Ein Auftrag aus Wien

Etwa gleichzeitig begann Wolfgang Denzel in einer Garage in Wien mit der Instandsetzung von Fahrzeugwracks, die nach dem Krieg in großer Zahl verfügbar waren. Vielfach handelte es sich dabei um sogenannte Kübelwagen von Volkswagen, deren Bodenplatte jener des VW-Käfers ähnlich war. Denzels große Leidenschaft galt dem Motorsport, und so plante er die Entwicklung eines Sportwagens auf Basis gebrauchter VW-Chassis. Im Zuge dessen stieß er 1947 auf ein Werbeinserat für Karosserien der Firma Kittelberger.
Rasch wurde man sich einig und Kittelberger schickte Clemens Groß nach Wien, um die technischen Details abzuklären. Nach einer umständlichen Reise durch die Besatzungszonen dort angekommen, fand er auf dem Schreibtisch von Wolfgang Denzel bereits ein Modell des gewünschten Wagens aus Knetmasse vor. Wieder zurück in Bregenz erstellte er die Detailpläne, nach welchen Kittelberger einen ersten Prototyp fertigte. Abenteuerlich war die Überstellung der fertigen Karosserie: Ein Mitarbeiter von Denzel fuhr auf einem tiefer gelegten und modifizierten VW-Chassis ohne Aufbau die gesamte Strecke von Wien nach Bregenz. Dort wurde die Karosserie des „Volkswagen WD Equipment“ (WD stand für Wolfgang Denzel) montiert und so ging es auf den Heimweg.
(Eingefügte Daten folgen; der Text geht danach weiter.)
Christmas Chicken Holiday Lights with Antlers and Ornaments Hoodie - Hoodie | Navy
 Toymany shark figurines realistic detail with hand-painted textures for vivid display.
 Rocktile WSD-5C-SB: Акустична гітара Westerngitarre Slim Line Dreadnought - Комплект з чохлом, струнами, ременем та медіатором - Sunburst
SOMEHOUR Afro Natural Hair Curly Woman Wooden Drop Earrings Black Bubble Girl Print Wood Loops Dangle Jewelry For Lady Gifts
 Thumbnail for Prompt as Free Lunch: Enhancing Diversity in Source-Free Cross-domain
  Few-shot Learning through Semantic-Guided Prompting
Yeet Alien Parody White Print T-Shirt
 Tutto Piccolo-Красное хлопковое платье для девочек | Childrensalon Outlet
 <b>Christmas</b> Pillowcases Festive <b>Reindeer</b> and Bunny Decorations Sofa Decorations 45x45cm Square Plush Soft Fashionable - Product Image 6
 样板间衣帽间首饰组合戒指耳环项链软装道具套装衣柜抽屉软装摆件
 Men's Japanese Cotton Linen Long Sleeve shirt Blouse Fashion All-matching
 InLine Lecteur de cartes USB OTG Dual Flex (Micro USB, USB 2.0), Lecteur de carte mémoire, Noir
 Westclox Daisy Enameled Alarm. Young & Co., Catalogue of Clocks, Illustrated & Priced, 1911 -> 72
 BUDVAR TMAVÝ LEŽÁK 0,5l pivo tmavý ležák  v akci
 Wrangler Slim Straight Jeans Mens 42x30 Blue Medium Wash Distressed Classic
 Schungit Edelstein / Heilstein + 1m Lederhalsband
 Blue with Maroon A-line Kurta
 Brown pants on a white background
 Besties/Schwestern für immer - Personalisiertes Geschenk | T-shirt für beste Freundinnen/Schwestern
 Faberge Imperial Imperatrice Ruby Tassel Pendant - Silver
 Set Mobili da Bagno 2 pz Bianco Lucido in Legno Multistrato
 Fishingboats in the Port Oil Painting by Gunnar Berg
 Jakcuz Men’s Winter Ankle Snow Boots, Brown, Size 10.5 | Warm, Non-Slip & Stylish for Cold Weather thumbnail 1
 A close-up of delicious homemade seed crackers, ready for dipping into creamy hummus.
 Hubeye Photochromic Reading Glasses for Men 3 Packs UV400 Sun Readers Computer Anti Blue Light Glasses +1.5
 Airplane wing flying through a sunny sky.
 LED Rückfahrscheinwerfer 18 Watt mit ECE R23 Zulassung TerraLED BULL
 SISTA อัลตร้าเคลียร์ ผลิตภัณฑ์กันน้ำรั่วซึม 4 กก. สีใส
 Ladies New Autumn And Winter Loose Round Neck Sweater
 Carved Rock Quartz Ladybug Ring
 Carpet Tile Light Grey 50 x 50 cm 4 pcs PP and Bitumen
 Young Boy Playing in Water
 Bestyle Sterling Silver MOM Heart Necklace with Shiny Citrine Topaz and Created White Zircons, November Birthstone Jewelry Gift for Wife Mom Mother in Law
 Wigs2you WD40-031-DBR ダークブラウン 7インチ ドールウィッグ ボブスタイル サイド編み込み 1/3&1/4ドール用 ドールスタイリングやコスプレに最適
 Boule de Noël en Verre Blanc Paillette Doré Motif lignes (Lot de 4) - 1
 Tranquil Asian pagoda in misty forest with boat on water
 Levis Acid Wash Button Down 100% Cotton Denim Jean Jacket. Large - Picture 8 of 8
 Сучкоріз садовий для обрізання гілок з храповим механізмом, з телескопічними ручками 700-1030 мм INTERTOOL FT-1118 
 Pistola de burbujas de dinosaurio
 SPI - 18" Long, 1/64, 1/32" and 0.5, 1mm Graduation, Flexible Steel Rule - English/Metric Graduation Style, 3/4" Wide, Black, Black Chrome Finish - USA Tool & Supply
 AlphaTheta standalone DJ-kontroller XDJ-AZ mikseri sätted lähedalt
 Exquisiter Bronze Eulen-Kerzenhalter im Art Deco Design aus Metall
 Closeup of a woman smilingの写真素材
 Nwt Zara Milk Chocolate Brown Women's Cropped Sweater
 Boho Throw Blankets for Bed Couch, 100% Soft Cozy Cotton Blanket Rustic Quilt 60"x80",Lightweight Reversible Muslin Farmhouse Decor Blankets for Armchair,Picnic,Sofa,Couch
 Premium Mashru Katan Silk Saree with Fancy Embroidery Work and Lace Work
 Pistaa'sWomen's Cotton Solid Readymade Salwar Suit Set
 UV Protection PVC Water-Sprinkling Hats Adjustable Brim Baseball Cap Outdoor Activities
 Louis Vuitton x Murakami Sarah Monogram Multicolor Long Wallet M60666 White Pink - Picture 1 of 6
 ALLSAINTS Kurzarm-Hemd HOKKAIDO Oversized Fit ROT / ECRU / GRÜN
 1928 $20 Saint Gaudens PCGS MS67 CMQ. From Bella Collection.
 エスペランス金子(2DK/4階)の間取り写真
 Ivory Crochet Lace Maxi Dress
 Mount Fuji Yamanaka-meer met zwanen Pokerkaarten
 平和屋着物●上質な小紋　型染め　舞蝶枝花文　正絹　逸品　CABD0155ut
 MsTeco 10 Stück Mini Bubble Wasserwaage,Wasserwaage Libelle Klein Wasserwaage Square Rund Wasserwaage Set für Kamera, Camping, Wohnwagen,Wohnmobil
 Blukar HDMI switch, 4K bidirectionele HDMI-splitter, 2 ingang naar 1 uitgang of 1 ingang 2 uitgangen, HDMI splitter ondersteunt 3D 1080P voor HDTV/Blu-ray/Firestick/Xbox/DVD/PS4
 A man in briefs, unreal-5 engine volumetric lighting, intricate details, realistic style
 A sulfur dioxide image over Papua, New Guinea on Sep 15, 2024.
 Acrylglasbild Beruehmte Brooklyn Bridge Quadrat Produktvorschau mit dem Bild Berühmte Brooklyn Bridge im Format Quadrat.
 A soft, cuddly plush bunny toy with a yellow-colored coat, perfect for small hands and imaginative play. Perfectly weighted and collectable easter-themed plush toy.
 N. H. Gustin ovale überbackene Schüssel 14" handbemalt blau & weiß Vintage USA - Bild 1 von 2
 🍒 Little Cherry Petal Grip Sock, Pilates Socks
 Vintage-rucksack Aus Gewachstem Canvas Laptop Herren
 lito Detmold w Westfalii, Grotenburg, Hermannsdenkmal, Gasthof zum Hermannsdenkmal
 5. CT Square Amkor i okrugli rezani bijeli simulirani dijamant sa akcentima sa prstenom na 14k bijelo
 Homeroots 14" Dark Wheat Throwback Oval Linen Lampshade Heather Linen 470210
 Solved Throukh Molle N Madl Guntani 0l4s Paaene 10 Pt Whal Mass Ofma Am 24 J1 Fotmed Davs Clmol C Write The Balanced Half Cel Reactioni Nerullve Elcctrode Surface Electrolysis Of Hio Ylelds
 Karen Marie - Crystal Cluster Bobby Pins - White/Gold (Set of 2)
Von den Sportwagen mit Holz/Kunststoff-Aufbau wurden wahrscheinlich nur sechs Exemplare gebaut, die allesamt nicht erhalten sind. Noch im Jahr 1950 stieg Denzel auf beständigere Stahlblechkarosserien um. Allerdings hatten die Holz/Kunststoff-Ausführungen einen Gewichtsvorteil, der sich vor allem im Rennsport bezahlt machte. Der Prototyp mit dem Kennzeichen W 5.412 wurde bald als „Blauer Blitz“ bekannt. Wolfgang Denzel setzte ihn unter anderem bei der Österreichischen Alpenfahrt 1949 ein und gewann dort die Klasse für 1100-ccm-Sportwagen.

Wie es weiter ging

In den Folgejahren entwickelte und baute Denzel noch etliche andere Fahrzeuge. Doch die Marktbedingungen veränderten sich. Konnten in den Mangeljahren der Nachkriegszeit auch Eigenentwicklungen aus kleinen Garagen an den Mann gebracht werden, so stiegen die Ansprüche rasch an. Notwendige Investitionen waren von kleinen Herstellern oft kaum zu stemmen. 1959 stellte Denzel die Fertigung ein und ist heute einer der führenden Fahrzeughändler Österreichs.

In Bregenz verließ Clemens Groß 1949 das Unternehmen Kittelberger und wurde von einem gewissen Walter Zumtobel eingestellt, der kurz zuvor mit der Herstellung von Kunststoff- und Elektrobauteilen begonnen hatte. Aus dem Kleinbetrieb entstand der allseits bekannte Beleuchtungskonzern. Clemens Groß blieb dort bis zu seiner Pensionierung. Heute lebt der mittlerweile 95-Jährige in einem Dornbirner Pflegeheim und erzählt nach wie vor gerne aus der damaligen Aufbruchszeit.